A faithful, complete transcription of the listing is required.

Records Block Start

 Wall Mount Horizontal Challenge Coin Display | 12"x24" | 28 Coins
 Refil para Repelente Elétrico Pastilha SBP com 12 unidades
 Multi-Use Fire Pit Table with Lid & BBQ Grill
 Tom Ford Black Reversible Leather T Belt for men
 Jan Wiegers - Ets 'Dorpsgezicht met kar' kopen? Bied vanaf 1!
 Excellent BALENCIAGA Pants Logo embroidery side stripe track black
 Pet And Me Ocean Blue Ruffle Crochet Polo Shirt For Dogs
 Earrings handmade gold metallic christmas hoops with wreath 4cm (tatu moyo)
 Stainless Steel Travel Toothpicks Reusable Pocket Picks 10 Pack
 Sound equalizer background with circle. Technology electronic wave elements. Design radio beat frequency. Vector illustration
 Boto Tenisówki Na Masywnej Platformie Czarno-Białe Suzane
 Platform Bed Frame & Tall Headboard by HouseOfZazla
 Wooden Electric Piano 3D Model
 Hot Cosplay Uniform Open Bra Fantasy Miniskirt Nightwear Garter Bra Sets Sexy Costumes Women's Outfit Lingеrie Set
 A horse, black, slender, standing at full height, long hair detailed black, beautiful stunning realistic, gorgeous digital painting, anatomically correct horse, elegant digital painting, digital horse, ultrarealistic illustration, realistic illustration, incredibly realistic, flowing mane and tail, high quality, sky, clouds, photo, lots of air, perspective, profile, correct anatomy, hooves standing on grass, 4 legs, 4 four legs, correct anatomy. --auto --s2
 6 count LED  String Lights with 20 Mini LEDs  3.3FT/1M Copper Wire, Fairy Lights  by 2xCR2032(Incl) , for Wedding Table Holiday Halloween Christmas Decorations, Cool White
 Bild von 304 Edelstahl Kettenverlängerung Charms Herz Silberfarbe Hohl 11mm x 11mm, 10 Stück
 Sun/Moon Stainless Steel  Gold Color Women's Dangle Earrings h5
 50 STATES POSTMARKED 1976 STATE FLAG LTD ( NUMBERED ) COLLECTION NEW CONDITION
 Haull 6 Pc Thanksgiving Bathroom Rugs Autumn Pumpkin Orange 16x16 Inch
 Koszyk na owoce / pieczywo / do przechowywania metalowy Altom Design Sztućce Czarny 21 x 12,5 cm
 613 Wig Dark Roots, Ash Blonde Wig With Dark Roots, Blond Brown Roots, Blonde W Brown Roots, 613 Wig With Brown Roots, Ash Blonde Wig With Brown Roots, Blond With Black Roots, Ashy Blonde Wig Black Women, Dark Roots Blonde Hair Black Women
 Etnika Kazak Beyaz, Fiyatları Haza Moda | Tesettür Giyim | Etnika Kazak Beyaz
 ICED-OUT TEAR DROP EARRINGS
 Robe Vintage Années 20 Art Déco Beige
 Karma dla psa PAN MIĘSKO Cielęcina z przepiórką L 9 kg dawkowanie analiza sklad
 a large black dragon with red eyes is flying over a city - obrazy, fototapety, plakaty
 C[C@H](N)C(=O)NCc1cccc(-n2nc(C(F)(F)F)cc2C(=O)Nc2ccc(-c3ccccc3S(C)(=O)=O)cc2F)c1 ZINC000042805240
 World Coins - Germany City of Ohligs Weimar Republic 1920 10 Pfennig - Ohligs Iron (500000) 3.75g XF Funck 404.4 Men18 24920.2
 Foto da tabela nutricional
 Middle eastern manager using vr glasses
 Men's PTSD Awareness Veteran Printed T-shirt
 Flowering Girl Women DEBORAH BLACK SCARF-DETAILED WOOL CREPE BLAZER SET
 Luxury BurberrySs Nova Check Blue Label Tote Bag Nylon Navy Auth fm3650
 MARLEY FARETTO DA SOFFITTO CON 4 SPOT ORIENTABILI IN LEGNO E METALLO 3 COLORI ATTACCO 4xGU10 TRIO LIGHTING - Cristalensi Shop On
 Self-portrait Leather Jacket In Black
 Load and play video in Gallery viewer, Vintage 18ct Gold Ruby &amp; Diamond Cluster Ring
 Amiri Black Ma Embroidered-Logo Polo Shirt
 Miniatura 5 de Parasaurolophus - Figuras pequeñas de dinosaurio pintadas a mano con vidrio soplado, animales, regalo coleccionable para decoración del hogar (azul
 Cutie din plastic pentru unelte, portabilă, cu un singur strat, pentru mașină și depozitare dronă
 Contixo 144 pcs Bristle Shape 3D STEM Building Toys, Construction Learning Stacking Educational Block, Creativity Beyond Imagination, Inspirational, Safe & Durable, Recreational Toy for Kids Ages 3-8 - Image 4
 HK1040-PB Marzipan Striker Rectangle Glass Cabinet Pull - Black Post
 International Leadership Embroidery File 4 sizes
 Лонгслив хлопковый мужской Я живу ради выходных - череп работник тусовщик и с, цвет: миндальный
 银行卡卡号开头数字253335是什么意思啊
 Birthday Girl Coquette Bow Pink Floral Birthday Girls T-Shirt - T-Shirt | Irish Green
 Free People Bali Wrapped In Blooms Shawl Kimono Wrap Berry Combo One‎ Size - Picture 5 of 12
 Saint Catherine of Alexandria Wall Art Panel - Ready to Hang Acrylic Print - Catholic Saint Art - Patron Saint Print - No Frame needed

Records Block End

▶ **Result of the exercise**:
 Wall Mount Horizontal Challenge Coin Display | 12"x24" | 28 Coins
 Refil para Repelente Elétrico Pastilha SBP com 12 unidades
 Multi-Use Fire Pit Table with Lid & BBQ Grill
 Tom Ford Black Reversible Leather T Belt for men
 Jan Wiegers - Ets 'Dorpsgezicht met kar' kopen? Bied vanaf 1!
 Excellent BALENCIAGA Pants Logo embroidery side stripe track black
 Pet And Me Ocean Blue Ruffle Crochet Polo Shirt For Dogs
 Earrings handmade gold metallic christmas hoops with wreath 4cm (tatu moyo)
 Stainless Steel Travel Toothpicks Reusable Pocket Picks 10 Pack
 Sound equalizer background with circle. Technology electronic wave elements. Design radio beat frequency. Vector illustration
 Boto Tenisówki Na Masywnej Platformie Czarno-Białe Suzane
 Platform Bed Frame & Tall Headboard by HouseOfZazla
 Wooden Electric Piano 3D Model
 Hot Cosplay Uniform Open Bra Fantasy Miniskirt Nightwear Garter Bra Sets Sexy Costumes Women's Outfit Lingеrie Set
 A horse, black, slender, standing at full height, long hair detailed black, beautiful stunning realistic, gorgeous digital painting, anatomically correct horse, elegant digital painting, digital horse, ultrarealistic illustration, realistic illustration, incredibly realistic, flowing mane and tail, high quality, sky, clouds, photo, lots of air, perspective, profile, correct anatomy, hooves standing on grass, 4 legs, 4 four legs, correct anatomy. --auto --s2
 6 count LED  String Lights with 20 Mini LEDs  3.3FT/1M Copper Wire, Fairy Lights  by 2xCR2032(Incl) , for Wedding Table Holiday Halloween Christmas Decorations, Cool White
 Bild von 304 Edelstahl Kettenverlängerung Charms Herz Silberfarbe Hohl 11mm x 11mm, 10 Stück
 Sun/Moon Stainless Steel  Gold Color Women's Dangle Earrings h5
 50 STATES POSTMARKED 1976 STATE FLAG LTD ( NUMBERED ) COLLECTION NEW CONDITION
 Haull 6 Pc Thanksgiving Bathroom Rugs Autumn Pumpkin Orange 16x16 Inch
 Koszyk na owoce / pieczywo / do przechowywania metalowy Altom Design Sztućce Czarny 21 x 12,5 cm
 613 Wig Dark Roots, Ash Blonde Wig With Dark Roots, Blond Brown Roots, Blonde W Brown Roots, 613 Wig With Brown Roots, Ash Blonde Wig With Brown Roots, Blond With Black Roots, Ashy Blonde Wig Black Women, Dark Roots Blonde Hair Black Women
 Etnika Kazak Beyaz, Fiyatları Haza Moda | Tesettür Giyim | Etnika Kazak Beyaz
 ICED-OUT TEAR DROP EARRINGS
 Robe Vintage Années 20 Art Déco Beige
 Karma dla psa PAN MIĘSKO Cielęcina z przepiórką L 9 kg dawkowanie analiza sklad
 a large black dragon with red eyes is flying over a city - obrazy, fototapety, plakaty
 C[C@H](N)C(=O)NCc1cccc(-n2nc(C(F)(F)F)cc2C(=O)Nc2ccc(-c3ccccc3S(C)(=O)=O)cc2F)c1 ZINC000042805240
 World Coins - Germany City of Ohligs Weimar Republic 1920 10 Pfennig - Ohligs Iron (500000) 3.75g XF Funck 404.4 Men18 24920.2
 Foto da tabela nutricional
 Middle eastern manager using vr glasses
 Men's PTSD Awareness Veteran Printed T-shirt
 Flowering Girl Women DEBORAH BLACK SCARF-DETAILED WOOL CREPE BLAZER SET
 Luxury BurberrySs Nova Check Blue Label Tote Bag Nylon Navy Auth fm3650
 MARLEY FARETTO DA SOFFITTO CON 4 SPOT ORIENTABILI IN LEGNO E METALLO 3 COLORI ATTACCO 4xGU10 TRIO LIGHTING - Cristalensi Shop On
 Self-portrait Leather Jacket In Black
 Load and play video in Gallery viewer, Vintage 18ct Gold Ruby &amp; Diamond Cluster Ring
 Amiri Black Ma Embroidered-Logo Polo Shirt
 Miniatura 5 de Parasaurolophus - Figuras pequeñas de dinosaurio pintadas a mano con vidrio soplado, animales, regalo coleccionable para decoración del hogar (azul
 Cutie din plastic pentru unelte, portabilă, cu un singur strat, pentru mașină și depozitare dronă
 Contixo 144 pcs Bristle Shape 3D STEM Building Toys, Construction Learning Stacking Educational Block, Creativity Beyond Imagination, Inspirational, Safe & Durable, Recreational Toy for Kids Ages 3-8 - Image 4
 HK1040-PB Marzipan Striker Rectangle Glass Cabinet Pull - Black Post
 International Leadership Embroidery File 4 sizes
 Лонгслив хлопковый мужской Я живу ради выходных - череп работник тусовщик и с, цвет: миндальный
 银行卡卡号开头数字253335是什么意思啊
 Birthday Girl Coquette Bow Pink Floral Birthday Girls T-Shirt - T-Shirt | Irish Green
 Free People Bali Wrapped In Blooms Shawl Kimono Wrap Berry Combo One‎ Size - Picture 5 of 12
 Saint Catherine of Alexandria Wall Art Panel - Ready to Hang Acrylic Print - Catholic Saint Art - Patron Saint Print - No Frame needed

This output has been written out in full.